**WHAT TO PRODUCE:** No pictures belong in the copy. Retype exactly, and only, the stretch of lines below from the one with "Pencil Skirt Faux" through the one with "CROWNSTARQI Slow Close".

**AVAILABLE RECORDS:**
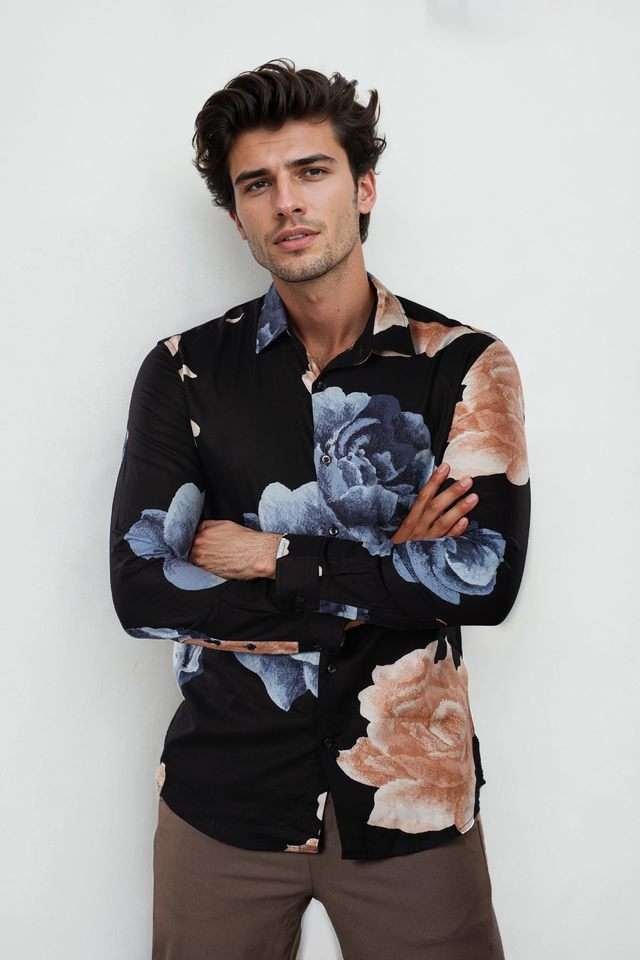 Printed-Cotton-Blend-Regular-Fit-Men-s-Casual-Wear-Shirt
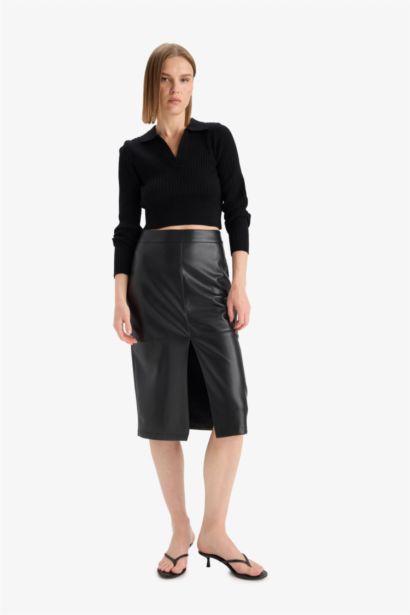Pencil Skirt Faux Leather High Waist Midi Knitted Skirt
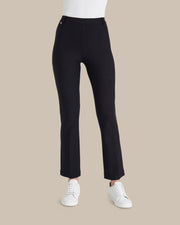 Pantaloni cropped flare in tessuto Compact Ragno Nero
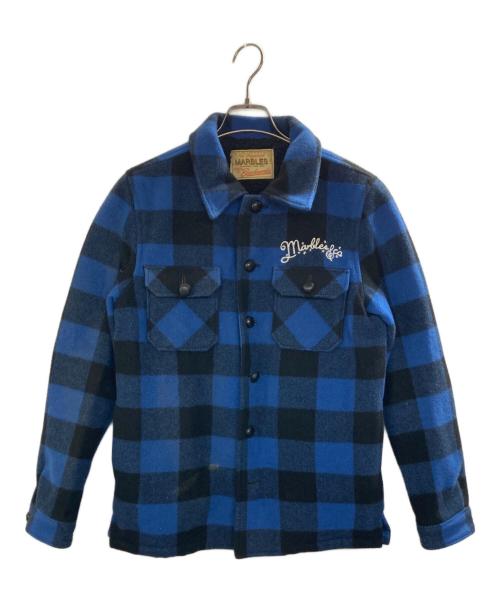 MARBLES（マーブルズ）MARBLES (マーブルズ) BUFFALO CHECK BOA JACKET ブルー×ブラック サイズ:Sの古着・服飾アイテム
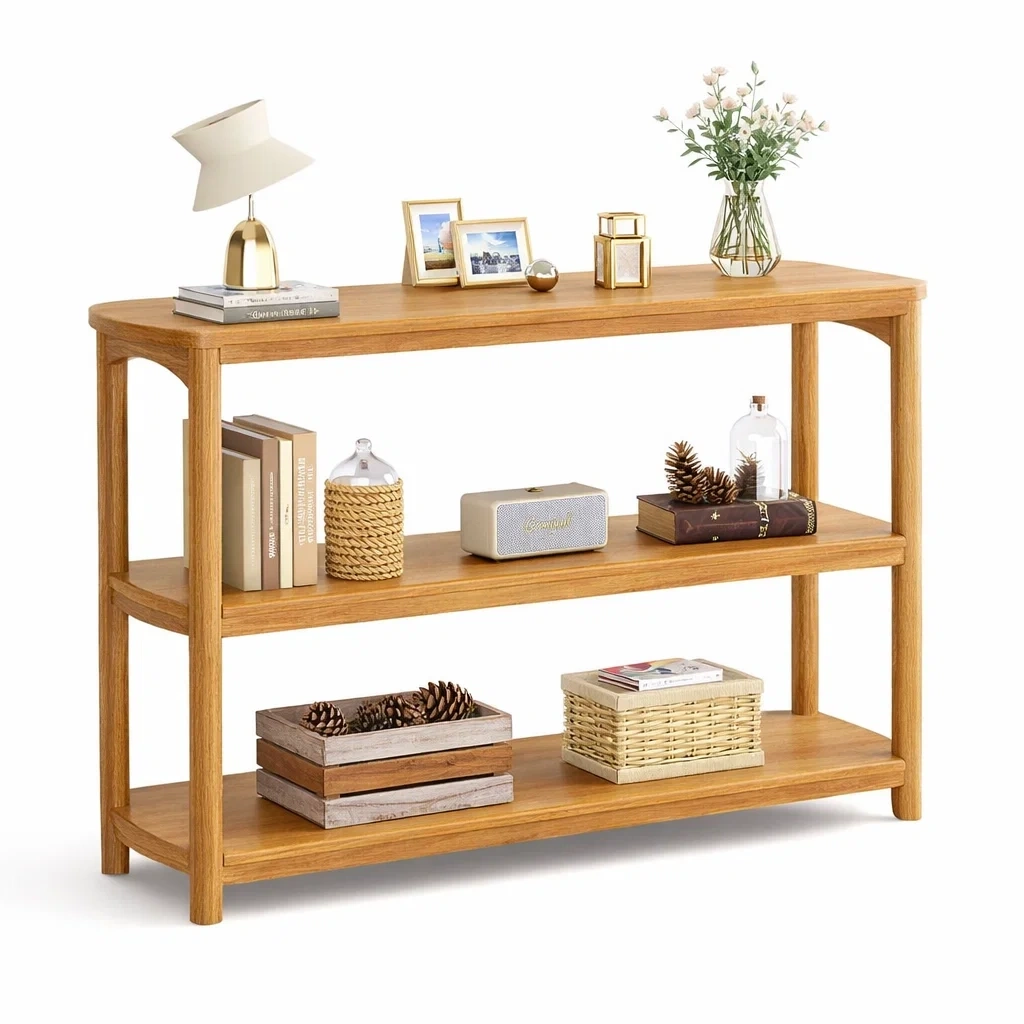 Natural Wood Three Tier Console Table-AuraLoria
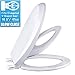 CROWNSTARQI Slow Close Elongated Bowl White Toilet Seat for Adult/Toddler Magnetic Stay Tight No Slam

---

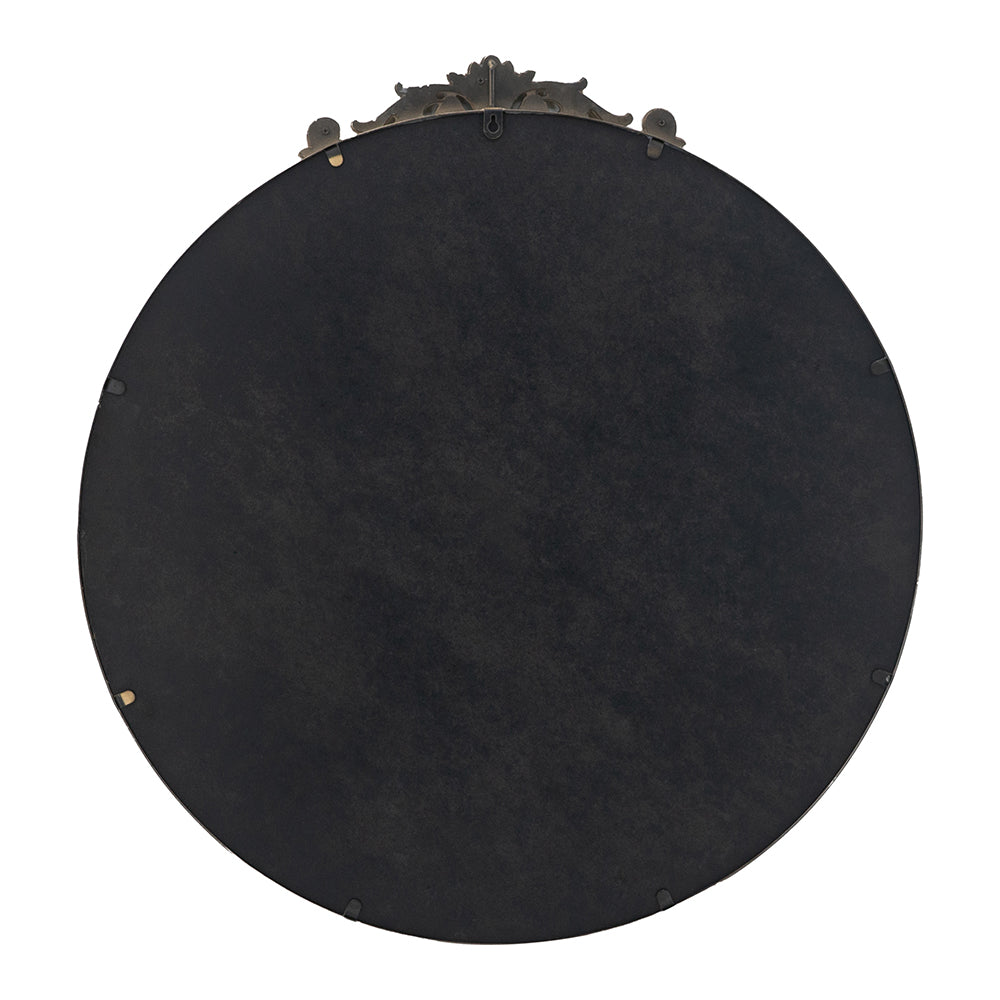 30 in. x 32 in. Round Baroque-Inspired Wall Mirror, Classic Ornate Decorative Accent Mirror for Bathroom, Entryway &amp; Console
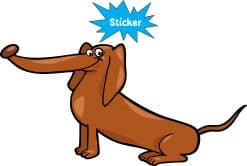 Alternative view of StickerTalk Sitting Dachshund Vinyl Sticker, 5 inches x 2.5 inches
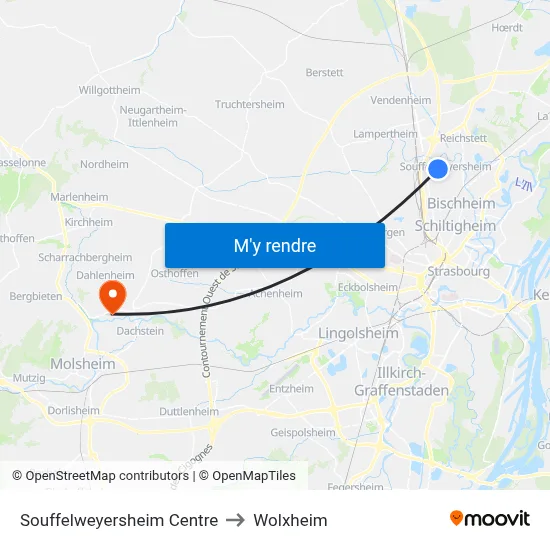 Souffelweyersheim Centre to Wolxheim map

**SOLUTION:**
Pencil Skirt Faux Leather High Waist Midi Knitted Skirt
 Pantaloni cropped flare in tessuto Compact Ragno Nero
 MARBLES（マーブルズ）MARBLES (マーブルズ) BUFFALO CHECK BOA JACKET ブルー×ブラック サイズ:Sの古着・服飾アイテム
 Natural Wood Three Tier Console Table-AuraLoria
 CROWNSTARQI Slow Close Elongated Bowl White Toilet Seat for Adult/Toddler Magnetic Stay Tight No Slam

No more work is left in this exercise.